En moins d’une semaine de confinement pour éviter la propagation du Coronavirus, nous venons de vivre un autre bouleversement que peu de personnes ont véritablement perçu. D’un côté, l’acceptation presque unanime et médiatique du droit de retrait pour les agents, et de l’autre, le refus de l’objection de conscience pour les soignants, dans un silence médiatique presque total.
Prenons un peu de recul. Depuis le début de cette crise sanitaire, nous constatons dans des entreprises stratégiques, hôpitaux-transport-alimentation... que des agents font prévaloir leur droit de retrait pour ne pas venir travailler, particulièrement lorsqu’ils sont porteurs d’une maladie chronique. La justification à ce droit de retrait est de ne pas risquer d’attraper le Coronavirus puis contaminer sa famille proche. Cette demande est compréhensible, et d’ailleurs les médias ne semblent pas s’en choquer.
Presque dans le même temps, par une décision rendue publique le 12 mars, trois juges de la Cour européenne des droits de l’homme (CEDH) ont privé les sages-femmes européennes de la garantie de leur droit à l’objection de conscience face à l’avortement. Cette décision peut s’appliquer, par extension, à toute la profession médicale. Qui s’en soucie en pleine crise sanitaire du Covid 19 ? Et pourtant cela est de la première importance.
D’un côté tout un pays qui reconnait légitime le droit de retrait et la demande de ne pas risquer de mourir en venant travailler, et de l’autre, la CEDH qui entrave la liberté des soignants à ne pas vouloir donner la mort à un être humain pendant l’exercice de leur travail.
Rappelons que la maladie Covid 19 a une mortalité très faible pour une personne en âge de travailler ; moins de 1% avant 50 ans, moins de 4% avant 70 ans. Un grand nombre de soignants se trouve dans la tranche d’âge 50-65 ans. Peu, dans cette dernière tranche d’âge que je côtoie, rechignent à venir travailler. Beaucoup le font avec courage, malgré une appréhension légitime. Le personnel soignant chinois et italien a parfois payé un lourd tribu dans sa lutte contre la maladie.

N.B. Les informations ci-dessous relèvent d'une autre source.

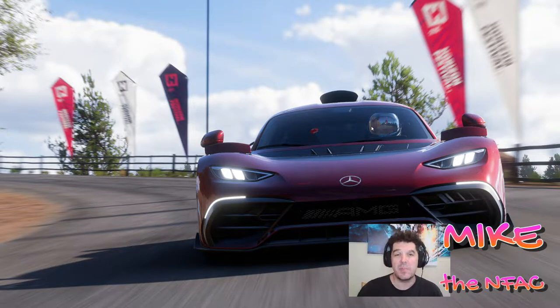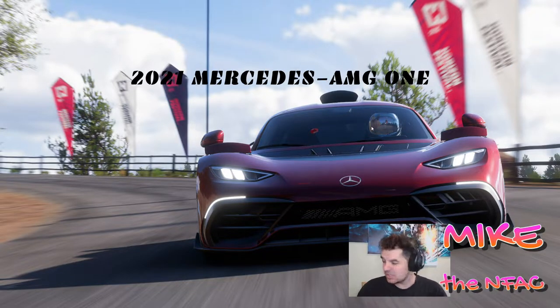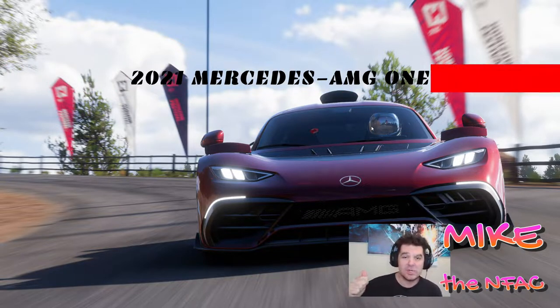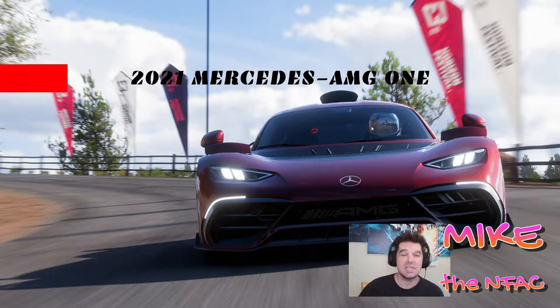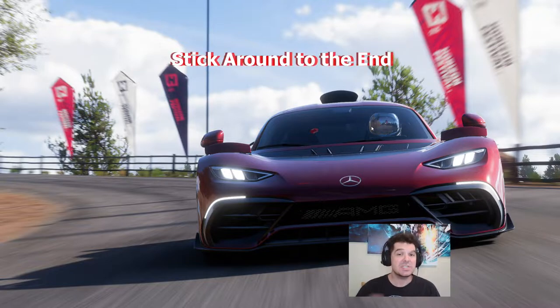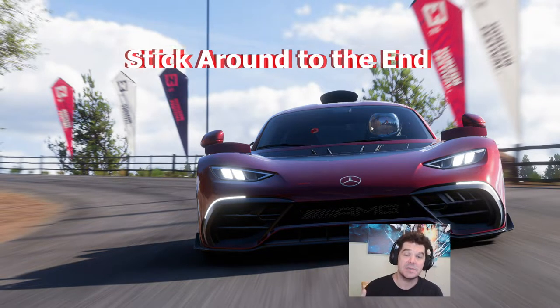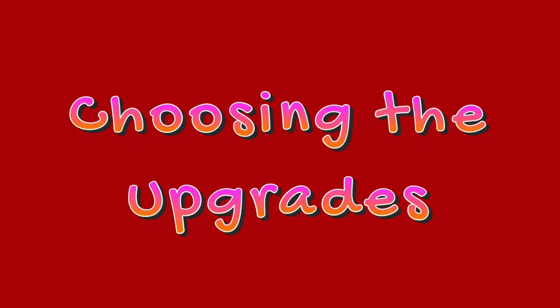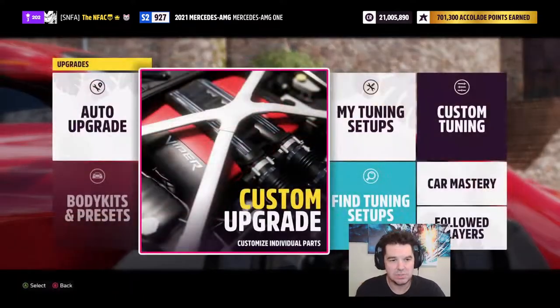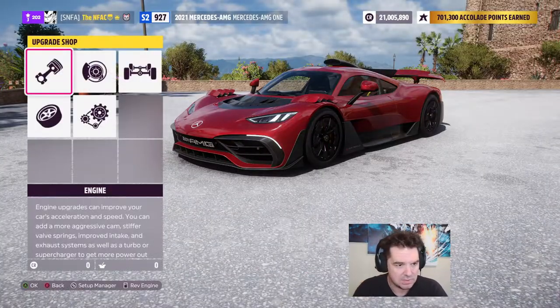Hey, what's up everybody, welcome back. Today we've got the 2021 Mercedes AMG1 — this is an S2 998 tune. I'm going to give you guys the upgrades and tuning, and we're going to take it for a race at Grand Pantano Sprint to see how it performs. Make sure you stick around to the end; I've got something really special for you. I'm going to show you how I like to tune the upper classes, and we're going to talk about the reasons as we go through it.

Qu’arriverait-il si demain tous les soignants des urgences, des réanimations et des maternités de France faisaient valoir leur « droit de retrait » ? Tous ceux qui viennent travailler dans ces services, croyants ou non, viennent parce qu’ils connaissent la valeur de la vie humaine. Et ils viennent, non par obligation, mais parce que dans leur cœur quelque chose est plus fort que leur peur. Soigner est un combat, jamais cela n’a été aussi vrai. C’est un combat pour défendre la vie, la vie des malades, la vie de ses proches, sa propre vie. Et dans ce combat, nous savons que des soignants y laisseront leur vie.

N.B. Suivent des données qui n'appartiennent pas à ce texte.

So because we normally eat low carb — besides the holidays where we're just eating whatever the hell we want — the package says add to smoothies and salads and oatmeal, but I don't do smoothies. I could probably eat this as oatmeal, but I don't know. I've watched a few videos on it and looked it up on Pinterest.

Aujourd’hui, à ces mêmes soignants, la CEDH vient de déclarer que l’avortement est un acte médical ordinaire et que l’accès général à l’avortement prime le respect de la liberté de conscience personnelle. Ils estiment que les sages-femmes ont choisi volontairement ce métier, «sachant que cela impliquerait de participer à des avortements». Si demain l’euthanasie est légalisée en France, est-ce que la CEDH viendra nous dire que l’euthanasie est un acte médical ordinaire et que l’accès général à l’euthanasie prime le respect de la liberté de conscience personnelle ? Nous n’avons pas choisi de travailler en réanimation, en soins palliatifs, ou plus largement auprès des patients pour mettre fin à la vie des personnes. Soigner n’est pas tuer. Soigner est un combat quotidien pour la vie et contre la mort. Les soignants ne le savent que trop depuis quelques semaines. Et quand la maladie l’emporte le soignant n’est pas pour autant vaincu, car comme le disait le Professeur Bernard, premier président du Comité consultatif national d'éthique en 1983, c’est alors le moment d’«ajouter de la vie aux jours lorsqu'on ne peut plus ajouter de jours à la vie».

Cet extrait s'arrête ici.